__TASK DETAILS__. Copy out each line of the listing that has the word "opened" in it.
[GIVEN RECORDS — start]
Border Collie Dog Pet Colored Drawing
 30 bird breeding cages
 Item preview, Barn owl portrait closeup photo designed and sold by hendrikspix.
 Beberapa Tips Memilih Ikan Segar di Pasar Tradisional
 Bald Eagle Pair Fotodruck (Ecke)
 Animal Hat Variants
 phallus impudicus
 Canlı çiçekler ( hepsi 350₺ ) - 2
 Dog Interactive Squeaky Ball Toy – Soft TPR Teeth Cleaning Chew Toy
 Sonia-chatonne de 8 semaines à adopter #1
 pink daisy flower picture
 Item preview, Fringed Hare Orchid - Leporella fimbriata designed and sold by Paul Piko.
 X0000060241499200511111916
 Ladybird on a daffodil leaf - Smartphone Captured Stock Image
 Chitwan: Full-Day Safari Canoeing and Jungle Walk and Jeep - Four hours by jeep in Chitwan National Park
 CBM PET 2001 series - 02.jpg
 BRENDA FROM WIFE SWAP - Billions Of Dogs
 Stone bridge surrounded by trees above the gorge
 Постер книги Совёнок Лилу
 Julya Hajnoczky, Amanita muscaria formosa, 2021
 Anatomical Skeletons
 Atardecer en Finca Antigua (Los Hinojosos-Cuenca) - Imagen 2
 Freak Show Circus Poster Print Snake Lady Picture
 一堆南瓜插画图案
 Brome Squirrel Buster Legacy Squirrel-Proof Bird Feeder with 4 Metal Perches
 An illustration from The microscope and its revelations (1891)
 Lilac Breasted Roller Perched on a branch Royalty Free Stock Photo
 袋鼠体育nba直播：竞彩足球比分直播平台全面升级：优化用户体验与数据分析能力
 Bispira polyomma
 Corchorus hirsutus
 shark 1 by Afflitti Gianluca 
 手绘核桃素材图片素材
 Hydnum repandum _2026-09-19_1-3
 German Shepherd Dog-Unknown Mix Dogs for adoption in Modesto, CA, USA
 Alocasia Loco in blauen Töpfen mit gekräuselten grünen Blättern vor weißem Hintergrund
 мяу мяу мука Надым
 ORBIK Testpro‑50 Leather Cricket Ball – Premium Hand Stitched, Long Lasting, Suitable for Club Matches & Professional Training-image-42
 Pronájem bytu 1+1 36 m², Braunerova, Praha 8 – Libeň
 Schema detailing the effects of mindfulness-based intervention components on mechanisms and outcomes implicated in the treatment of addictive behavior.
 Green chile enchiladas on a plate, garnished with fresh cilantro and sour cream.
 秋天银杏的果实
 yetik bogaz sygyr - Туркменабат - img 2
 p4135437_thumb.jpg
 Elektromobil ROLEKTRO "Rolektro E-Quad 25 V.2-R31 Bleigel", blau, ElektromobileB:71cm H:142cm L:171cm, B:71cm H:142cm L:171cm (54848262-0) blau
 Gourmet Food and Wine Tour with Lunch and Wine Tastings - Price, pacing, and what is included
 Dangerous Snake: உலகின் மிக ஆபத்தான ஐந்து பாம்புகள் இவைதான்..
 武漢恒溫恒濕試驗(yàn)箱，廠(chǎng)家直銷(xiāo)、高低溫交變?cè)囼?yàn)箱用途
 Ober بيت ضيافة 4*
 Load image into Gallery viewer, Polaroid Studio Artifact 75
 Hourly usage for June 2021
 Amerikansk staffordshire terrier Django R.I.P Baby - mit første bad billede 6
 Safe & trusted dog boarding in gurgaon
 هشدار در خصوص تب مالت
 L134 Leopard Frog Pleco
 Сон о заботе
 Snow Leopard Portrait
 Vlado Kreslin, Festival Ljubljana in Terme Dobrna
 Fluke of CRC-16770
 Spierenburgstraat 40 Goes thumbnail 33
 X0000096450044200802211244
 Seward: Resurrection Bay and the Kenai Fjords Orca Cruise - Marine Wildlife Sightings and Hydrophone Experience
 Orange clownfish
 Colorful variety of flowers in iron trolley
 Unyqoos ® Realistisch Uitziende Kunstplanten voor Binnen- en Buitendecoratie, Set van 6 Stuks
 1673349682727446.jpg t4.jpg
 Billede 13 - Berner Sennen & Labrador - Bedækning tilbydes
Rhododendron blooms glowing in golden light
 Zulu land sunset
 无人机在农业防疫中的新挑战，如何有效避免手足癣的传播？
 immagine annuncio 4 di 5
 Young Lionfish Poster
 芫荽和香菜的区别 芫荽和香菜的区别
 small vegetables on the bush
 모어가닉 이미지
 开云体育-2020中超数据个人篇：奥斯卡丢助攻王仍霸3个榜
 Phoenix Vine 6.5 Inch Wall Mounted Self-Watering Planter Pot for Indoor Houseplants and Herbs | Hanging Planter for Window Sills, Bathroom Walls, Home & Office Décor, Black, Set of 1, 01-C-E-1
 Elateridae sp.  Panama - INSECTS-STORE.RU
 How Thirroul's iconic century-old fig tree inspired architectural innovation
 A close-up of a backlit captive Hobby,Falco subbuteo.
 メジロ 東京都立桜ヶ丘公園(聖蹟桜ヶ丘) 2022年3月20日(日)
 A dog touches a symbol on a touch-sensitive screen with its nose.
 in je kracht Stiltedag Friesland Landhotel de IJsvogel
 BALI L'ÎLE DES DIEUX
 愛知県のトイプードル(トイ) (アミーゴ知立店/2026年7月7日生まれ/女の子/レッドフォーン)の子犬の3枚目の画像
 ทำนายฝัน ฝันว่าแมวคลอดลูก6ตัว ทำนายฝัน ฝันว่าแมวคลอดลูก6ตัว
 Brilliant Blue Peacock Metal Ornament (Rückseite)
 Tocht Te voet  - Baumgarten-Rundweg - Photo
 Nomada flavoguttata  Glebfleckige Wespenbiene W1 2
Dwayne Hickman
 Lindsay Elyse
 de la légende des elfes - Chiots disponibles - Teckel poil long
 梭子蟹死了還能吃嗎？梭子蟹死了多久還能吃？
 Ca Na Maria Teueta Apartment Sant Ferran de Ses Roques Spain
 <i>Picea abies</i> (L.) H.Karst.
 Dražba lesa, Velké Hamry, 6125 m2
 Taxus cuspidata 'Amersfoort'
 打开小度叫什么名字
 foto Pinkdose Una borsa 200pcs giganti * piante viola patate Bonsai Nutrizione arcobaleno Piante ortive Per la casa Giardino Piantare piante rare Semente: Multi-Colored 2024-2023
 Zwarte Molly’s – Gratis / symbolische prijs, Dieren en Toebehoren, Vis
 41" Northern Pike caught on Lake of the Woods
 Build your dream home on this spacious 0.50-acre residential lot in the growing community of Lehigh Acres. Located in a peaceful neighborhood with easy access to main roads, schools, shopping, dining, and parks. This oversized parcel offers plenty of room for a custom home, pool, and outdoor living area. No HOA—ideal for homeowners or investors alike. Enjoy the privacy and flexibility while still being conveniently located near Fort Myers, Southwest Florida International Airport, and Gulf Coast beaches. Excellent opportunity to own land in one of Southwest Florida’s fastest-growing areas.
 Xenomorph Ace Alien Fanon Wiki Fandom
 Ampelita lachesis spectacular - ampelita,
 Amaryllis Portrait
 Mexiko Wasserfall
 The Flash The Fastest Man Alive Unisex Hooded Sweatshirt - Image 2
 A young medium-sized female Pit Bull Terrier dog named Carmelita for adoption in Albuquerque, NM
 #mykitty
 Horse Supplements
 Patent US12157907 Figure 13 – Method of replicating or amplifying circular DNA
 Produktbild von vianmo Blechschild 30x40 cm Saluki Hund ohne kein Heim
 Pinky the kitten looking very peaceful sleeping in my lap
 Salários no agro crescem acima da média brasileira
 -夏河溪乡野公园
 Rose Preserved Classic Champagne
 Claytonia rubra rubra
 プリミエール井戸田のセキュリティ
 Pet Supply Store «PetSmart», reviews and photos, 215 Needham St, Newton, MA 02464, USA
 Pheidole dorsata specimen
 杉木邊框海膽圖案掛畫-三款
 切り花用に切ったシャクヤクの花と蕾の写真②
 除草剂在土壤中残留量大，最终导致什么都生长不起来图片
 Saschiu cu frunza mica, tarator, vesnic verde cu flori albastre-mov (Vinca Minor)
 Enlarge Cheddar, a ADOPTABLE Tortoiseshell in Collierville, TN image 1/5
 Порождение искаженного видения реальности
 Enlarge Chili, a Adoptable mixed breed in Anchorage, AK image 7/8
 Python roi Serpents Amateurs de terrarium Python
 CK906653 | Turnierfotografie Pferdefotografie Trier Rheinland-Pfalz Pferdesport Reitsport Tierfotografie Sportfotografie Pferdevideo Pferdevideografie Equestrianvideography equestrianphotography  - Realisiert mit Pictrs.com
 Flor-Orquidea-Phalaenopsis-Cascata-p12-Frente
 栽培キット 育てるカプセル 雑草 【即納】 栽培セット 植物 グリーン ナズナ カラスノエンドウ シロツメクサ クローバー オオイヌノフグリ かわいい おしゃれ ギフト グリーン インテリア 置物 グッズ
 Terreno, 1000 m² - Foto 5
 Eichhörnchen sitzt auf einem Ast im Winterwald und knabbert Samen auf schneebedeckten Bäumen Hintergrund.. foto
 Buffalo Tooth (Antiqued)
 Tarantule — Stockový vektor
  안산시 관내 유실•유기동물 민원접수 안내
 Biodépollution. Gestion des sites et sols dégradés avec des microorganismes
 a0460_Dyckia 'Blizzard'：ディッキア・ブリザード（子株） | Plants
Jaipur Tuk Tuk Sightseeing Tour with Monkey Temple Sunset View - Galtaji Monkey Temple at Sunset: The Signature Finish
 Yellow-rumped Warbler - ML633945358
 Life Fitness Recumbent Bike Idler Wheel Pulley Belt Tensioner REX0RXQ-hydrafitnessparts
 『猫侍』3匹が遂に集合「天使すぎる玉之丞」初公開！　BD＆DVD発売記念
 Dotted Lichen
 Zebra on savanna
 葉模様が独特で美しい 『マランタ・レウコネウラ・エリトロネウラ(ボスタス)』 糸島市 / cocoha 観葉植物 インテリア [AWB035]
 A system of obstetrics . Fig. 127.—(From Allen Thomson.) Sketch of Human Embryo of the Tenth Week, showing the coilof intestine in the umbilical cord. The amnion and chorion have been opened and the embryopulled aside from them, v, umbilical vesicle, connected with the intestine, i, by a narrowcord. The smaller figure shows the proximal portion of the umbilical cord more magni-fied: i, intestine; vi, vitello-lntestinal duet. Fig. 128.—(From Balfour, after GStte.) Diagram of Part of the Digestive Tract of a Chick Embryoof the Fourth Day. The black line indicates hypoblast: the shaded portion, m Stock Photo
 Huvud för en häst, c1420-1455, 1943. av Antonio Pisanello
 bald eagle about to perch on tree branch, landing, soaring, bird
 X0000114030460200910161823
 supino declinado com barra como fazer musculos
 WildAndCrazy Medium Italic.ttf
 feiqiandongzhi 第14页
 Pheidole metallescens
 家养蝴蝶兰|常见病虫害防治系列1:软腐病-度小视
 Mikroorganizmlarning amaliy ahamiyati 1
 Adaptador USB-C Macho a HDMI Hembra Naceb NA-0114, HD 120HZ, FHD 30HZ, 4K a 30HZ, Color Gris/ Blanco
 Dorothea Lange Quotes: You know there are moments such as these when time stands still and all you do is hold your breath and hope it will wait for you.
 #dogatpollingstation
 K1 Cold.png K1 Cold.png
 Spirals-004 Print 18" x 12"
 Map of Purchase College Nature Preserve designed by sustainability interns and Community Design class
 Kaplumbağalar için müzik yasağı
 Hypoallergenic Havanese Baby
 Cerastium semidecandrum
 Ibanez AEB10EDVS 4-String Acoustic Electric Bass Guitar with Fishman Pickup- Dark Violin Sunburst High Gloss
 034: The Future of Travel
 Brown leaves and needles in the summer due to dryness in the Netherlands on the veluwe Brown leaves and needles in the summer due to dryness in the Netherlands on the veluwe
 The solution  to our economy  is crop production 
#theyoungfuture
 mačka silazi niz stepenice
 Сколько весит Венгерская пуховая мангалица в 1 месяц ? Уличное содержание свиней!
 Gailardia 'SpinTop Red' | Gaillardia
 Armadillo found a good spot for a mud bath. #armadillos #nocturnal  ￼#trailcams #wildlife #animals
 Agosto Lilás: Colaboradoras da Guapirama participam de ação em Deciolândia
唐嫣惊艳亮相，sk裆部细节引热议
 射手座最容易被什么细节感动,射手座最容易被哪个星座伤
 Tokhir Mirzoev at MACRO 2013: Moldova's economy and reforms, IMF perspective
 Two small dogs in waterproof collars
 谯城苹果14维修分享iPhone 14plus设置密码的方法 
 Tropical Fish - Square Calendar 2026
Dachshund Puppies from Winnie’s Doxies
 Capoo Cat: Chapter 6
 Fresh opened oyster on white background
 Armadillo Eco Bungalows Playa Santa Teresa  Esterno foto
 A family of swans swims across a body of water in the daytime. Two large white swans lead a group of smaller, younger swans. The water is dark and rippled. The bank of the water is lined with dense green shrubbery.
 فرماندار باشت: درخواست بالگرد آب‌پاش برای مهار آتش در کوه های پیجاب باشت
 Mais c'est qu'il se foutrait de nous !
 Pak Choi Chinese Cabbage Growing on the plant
[GIVEN RECORDS — finish]
__TASK ANSWER__.
 A system of obstetrics . Fig. 127.—(From Allen Thomson.) Sketch of Human Embryo of the Tenth Week, showing the coilof intestine in the umbilical cord. The amnion and chorion have been opened and the embryopulled aside from them, v, umbilical vesicle, connected with the intestine, i, by a narrowcord. The smaller figure shows the proximal portion of the umbilical cord more magni-fied: i, intestine; vi, vitello-lntestinal duet. Fig. 128.—(From Balfour, after GStte.) Diagram of Part of the Digestive Tract of a Chick Embryoof the Fourth Day. The black line indicates hypoblast: the shaded portion, m Stock Photo
 Fresh opened oyster on white background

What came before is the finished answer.